On parle de bureau hybride, de mode de travail hybride, d’hybridation des espaces… Mais de quoi s’agit-il exactement ? D’une alternance du télétravail et du présentiel accélérée par la pandémie ? Au-delà d’une simple distinction spatiale, c’est aussi une toute nouvelle façon de penser les espaces de travail.

Une multiplicité de lieux tiers à disposition

Pour travailler en mode hybride, il faut voir plus loin que le duo bureau-domicile. Parce que tous les collaborateurs ne sont pas logés à la même enseigne, les entreprises doivent poursuivre leur mission de “bien-être” au travail au-delà de leurs propres murs.
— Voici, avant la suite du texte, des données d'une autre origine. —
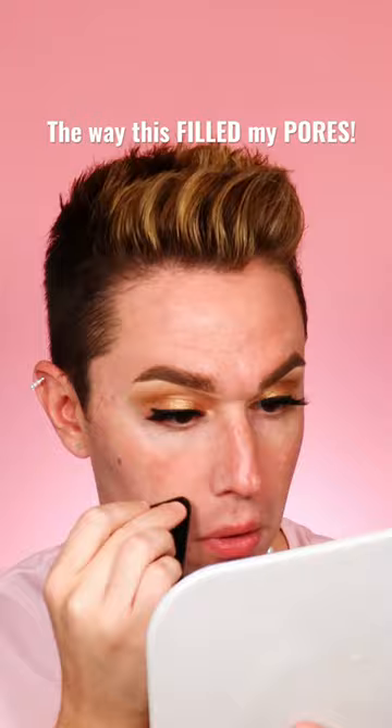Moisturize first. Then after moisturizing, take some translucent powder — I usually use the Fit Me one — and just lightly dab it all over your face. Not too much.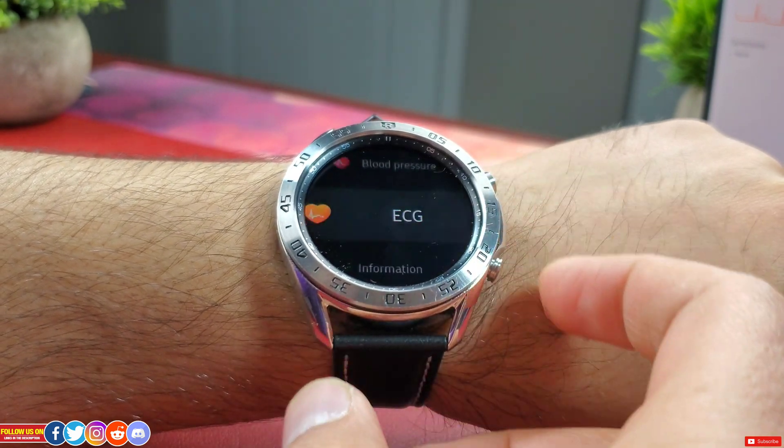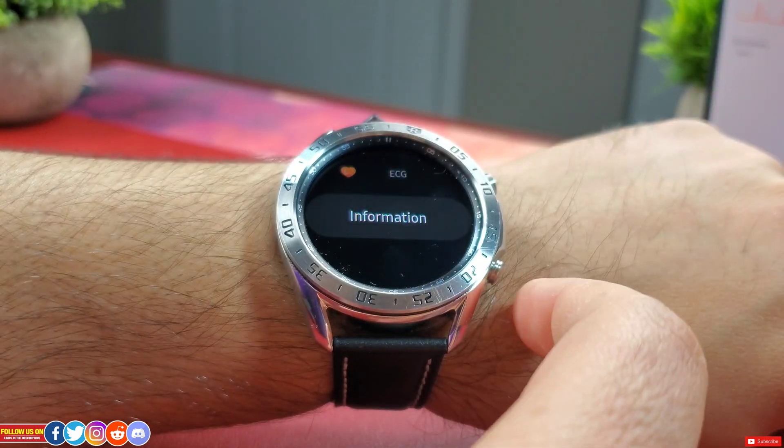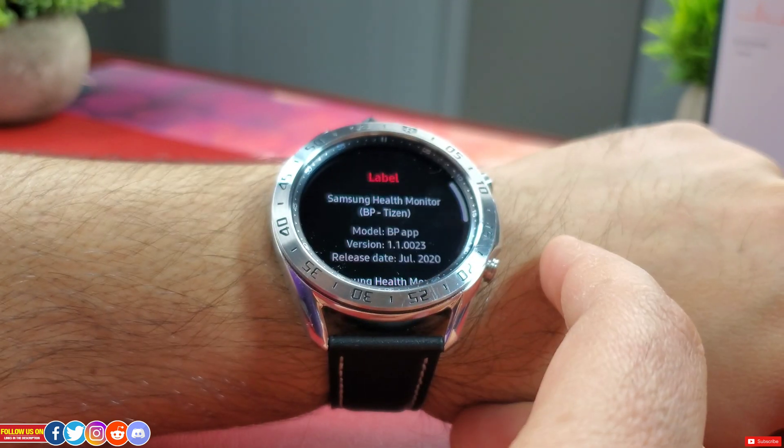Going back under ECG, you will find an information section which will show the app's version as well as the release date.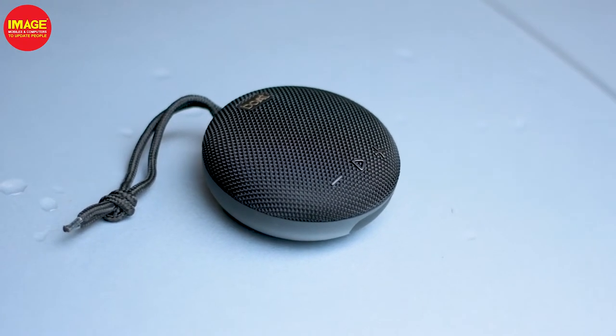Hello guys, welcome to Image Mobiles and Computers to update people. Today we are going to look at the VGM Boardstone 193, a Bluetooth speaker.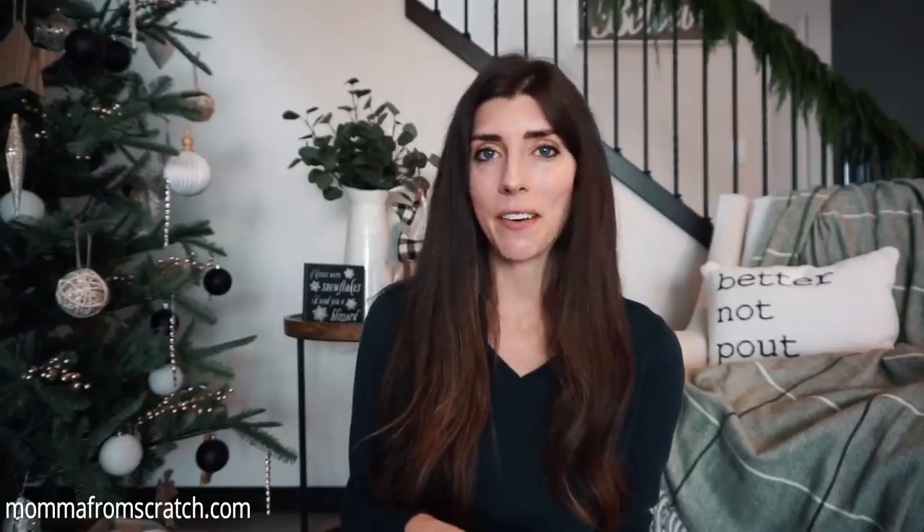Hey everyone, welcome to my channel. My name is Emily if you are new and I hope you're having a beautiful day so far. Today I'm going to be sharing with you simple, inexpensive, and easy ways that you can decorate your home for Christmas on a budget. You don't have to spend a lot of money nor store a lot of decor to make your home feel warm and cozy.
En ce sens, de plus en plus d’entreprises proposent à leurs employés de travailler depuis des espaces de coworking, certaines militant même pour la mise en place du “ticket bureau”. Ces espaces depuis quelques années peuvent compter sur ces occupants d’un nouveau genre, qui viennent travailler en toute convivialité aux côtés de startupers et freelances. La clef de leur succès ? Une offre variée et extrêmement flexible, à la carte où l’on peut souscrire à l’année, à l’heure, à la journée… Des équipements derniers cris pour des conditions de travail optimales. Ces emplacements sont particulièrement stratégiques, maillant tout le territoire et plus particulièrement les centres d’affaires et les lieux de transit. Les tiers-lieux, vivifiants, sont d’excellents compléments au siège du bureau.

Repenser le management

Le rôle du manager se redéfinit, face à des collaborateurs mobiles. Le manager est le liant, celui qui rassemble, motive et maintient le cap d’une vision d’entreprise partagée. Il diffuse la culture du résultat auprès de ses équipes, mais doit prendre garde à ne pas tout faire tourner autour du travail. Impossible d’attendre de ses collaborateurs qu’ils passent 100% de leur temps devant un écran ou en réunion. Au contraire, le manager doit lui-même être l’instigateur de moment de réunion et de détente, où l’on ne fait pas que travailler. Mise en place avec les ressources humaines de cours de yoga, de méditation, banalisation de la sieste au travail, moments de silence… Des pauses qui invitent aussi à s’évader du travail. Aussi anodines qu’elles puissent sembler, celles-ci sont nécessaires pour la créativité et l’innovation, notamment au sein du bureau, un espace qui loin d’être abandonné se redéfinit.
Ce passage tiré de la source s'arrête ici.